The recent decision by the Federal Railroad Administration, in concert with Amtrak and the state, to abandon the old West Baltimore rail tunnel, now breathes new life into all these concepts. They are also fed by the urgent need to stimulate new growth and optimism for the future of West Baltimore.


  1. Are the CSX tracks even in use? It looks like they just dead end at Monroe Street, where they would have continued through the B&P Tunnel

    1. You are correct - I just checked it on Google Earth. Given that, I'd guess the track on the entire little connector between the Western Maryland to Amtrak line has fallen into disrepair. It wouldn't be too terribly difficult to restore it if anyone wanted to, which could conceivably be part of some kind of detour while the Howard Street CSX tunnel is being enlarged (I'm really grasping at straws here).

      I also doubt this option would ever be chosen for MARC service, but I thought I should mention it anyway.

      While I'm at it, here's another aside: Not many years ago, the MTA actually proposed to run MARC service thru the Howard Street tunnel up to 26th Street in Charles Village. If by some remote chance that wasn't already dead, I'd guess it's dead now that the Howard Street tunnel is to be rehabbed for freight.

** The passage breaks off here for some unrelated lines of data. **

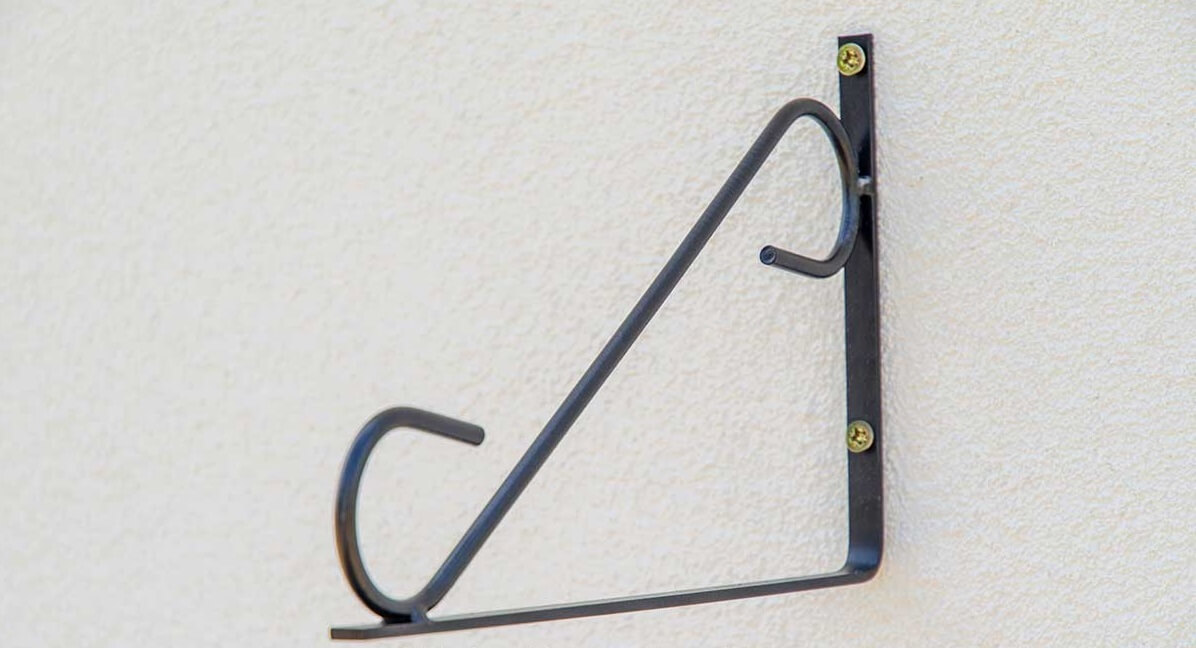 Uchwyt ścienny na doniczki 31 x 20 cm, czarny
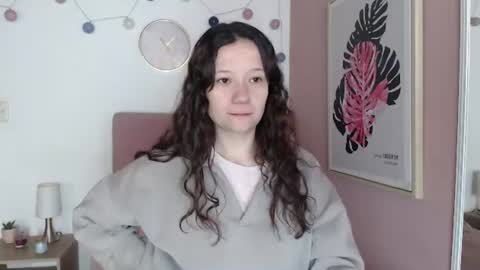 Snapshot of lanna_mills chatting on 06/15/26, 01:02 Lanna online show from 06/15/26, 01:02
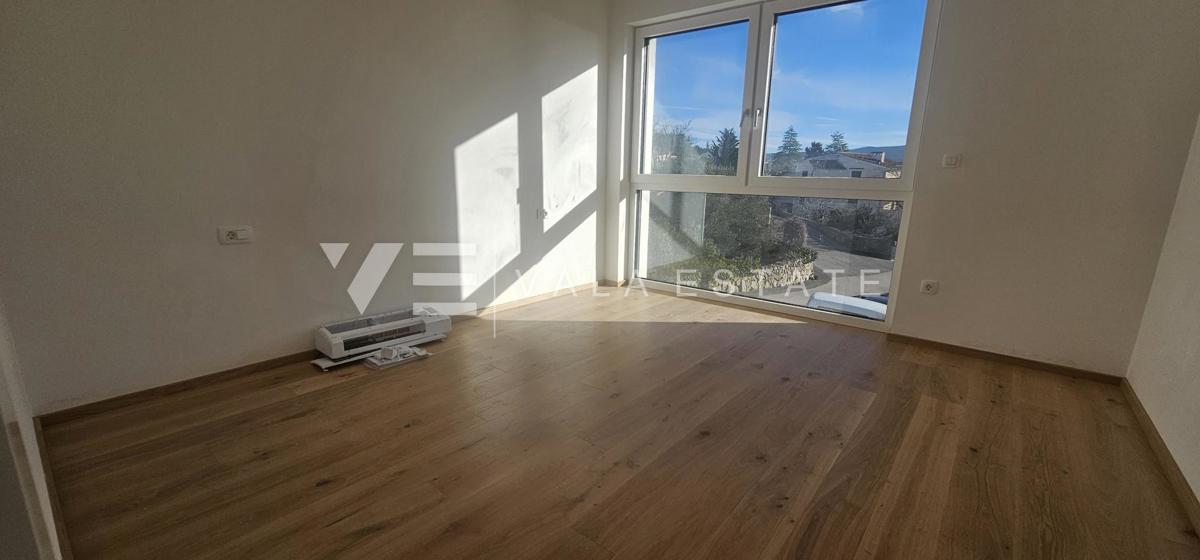 DVONADSTROPNI APARTMA V NOVI STAVBI S POGLEDOM NA MORJE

  2. I've wondered if DMU cars could be used on the western maryland line on the northwest, as there is a need for it. And have a connection to the subway, around Mondawmin.
    The connection to the Penn line to penn station (and at one time, western maryland's hillen station) has a gravel plant in the way, now. I can't imagine the connection could be restored, with the new alignment in the way.
    I remember the pink route, on the MTA 2002 plan, and wondered what would become of it.
    That would be more suited for EMU/DMU, not locomotive hauled trains, which is what we're stuck with, the next 20 years.

    I recall the plan to have MARC service through Howard tunnel. It seemed a little redundant to me, as it closely parallels the Penn Line, north of the city.

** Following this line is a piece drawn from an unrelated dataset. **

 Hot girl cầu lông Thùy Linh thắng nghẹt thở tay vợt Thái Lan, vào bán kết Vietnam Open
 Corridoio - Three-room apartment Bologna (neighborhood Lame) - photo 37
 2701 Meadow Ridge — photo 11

    1. Thanks, David. You've outgeeked me here, so I had to look up that DMU stands for Diesel Multiple Unit train. I guess you're probably talking about service up to Westminster. The Western Maryland tracks don't go too close to Mondawmin, so I think that's out. Also, I wouldn't think folks would want the smell of diesel trains through the B&P tunnel if there are stations there, so that might be out. I'm just thinking out loud here.

      So maybe such a MARC line would be would be Westminster to the Reisterstown Plaza Metro Station. But I also just saw that Carroll County's population did not go up last year. Maybe suburban sprawl is finally abating.

      But in the planning biz, you can fit any square peg into any round hole if you're willing to pay for it. A gravel plant? I think that's pretty low on the land use food chain.

      What you're calling the "Pink route" in the 2002 MTA rail plan on the Amtrak tracks was actually the "Purple line". I've got an original hard copy of the report. The color may have changed in the digitization.

  3. So is there an estimate for how much it would cost to rehabilitate the existing tunnel, which if I recall was built in the 1870's and suffers from water intrusion?

    1. No, the Environmental Impact Statement does not have a cost estimate for the rehabilitation of the existing tunnel because that alternative was rejected before getting to that stage, for the main reason that the entire line would have to be shut down for up to several years to do such a rehab. That would no longer be a problem if the existing tunnel was only used for local service.

      By the way, I just discovered that the link to the project "Record of Decision" above in the second paragraph was dead so I just fixed it. But I should probably just refer to the project's home page, which I doubt that they'll change - http://www.bptunnel.com/

      You can get to the various project documents from there if you're interested.